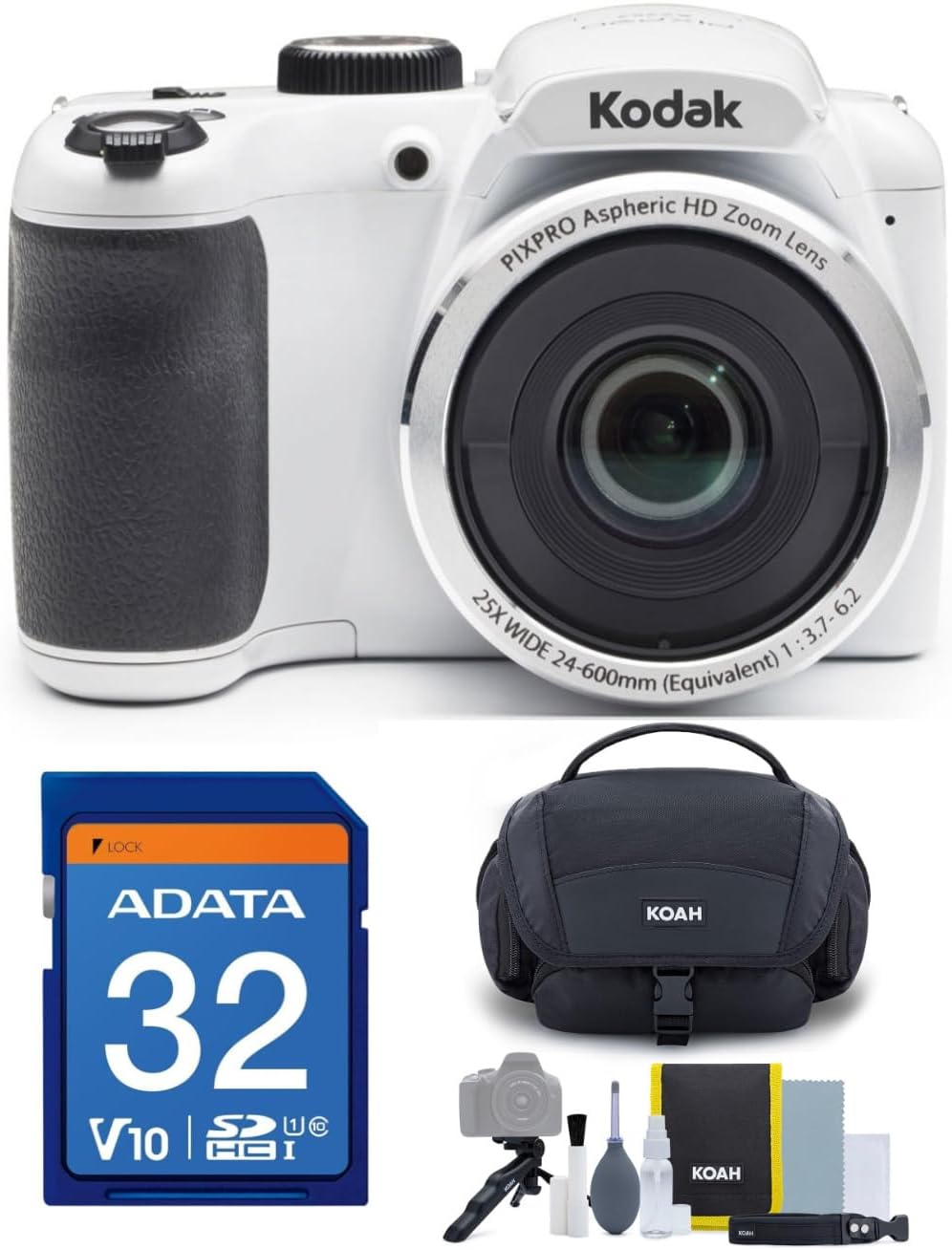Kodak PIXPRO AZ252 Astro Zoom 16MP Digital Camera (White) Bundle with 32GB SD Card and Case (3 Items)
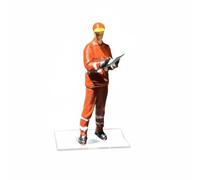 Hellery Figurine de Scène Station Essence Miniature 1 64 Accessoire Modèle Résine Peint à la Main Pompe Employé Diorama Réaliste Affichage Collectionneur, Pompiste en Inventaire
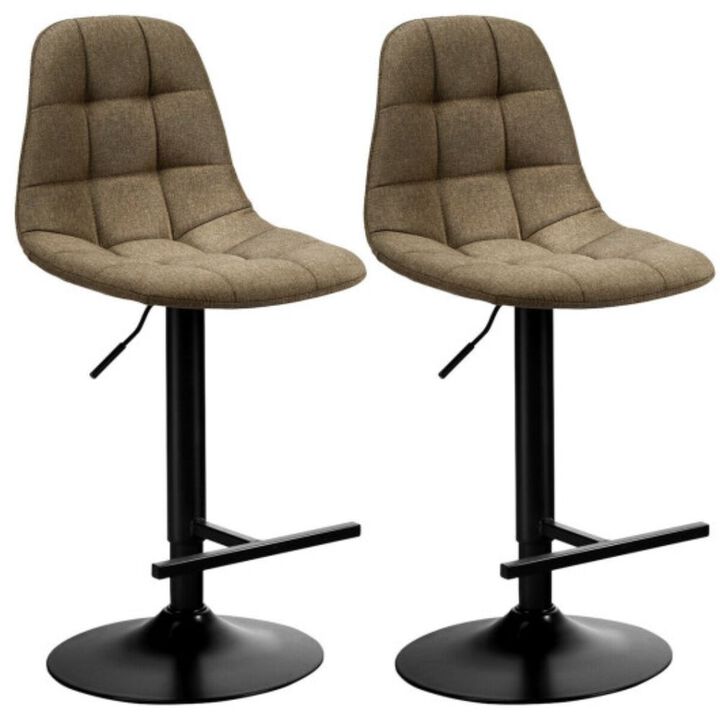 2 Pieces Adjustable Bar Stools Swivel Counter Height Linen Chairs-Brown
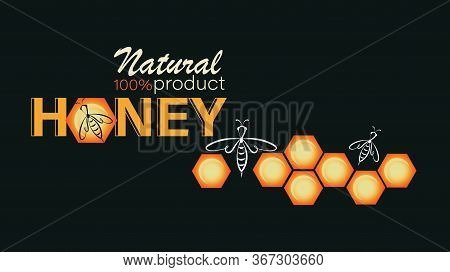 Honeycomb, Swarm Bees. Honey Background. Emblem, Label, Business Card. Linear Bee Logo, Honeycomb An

Directions |
Pictures are to be left out; the listing above is otherwise to be copied exactly.

Written response |
Kodak PIXPRO AZ252 Astro Zoom 16MP Digital Camera (White) Bundle with 32GB SD Card and Case (3 Items)
 Hellery Figurine de Scène Station Essence Miniature 1 64 Accessoire Modèle Résine Peint à la Main Pompe Employé Diorama Réaliste Affichage Collectionneur, Pompiste en Inventaire
 2 Pieces Adjustable Bar Stools Swivel Counter Height Linen Chairs-Brown
 Honeycomb, Swarm Bees. Honey Background. Emblem, Label, Business Card. Linear Bee Logo, Honeycomb An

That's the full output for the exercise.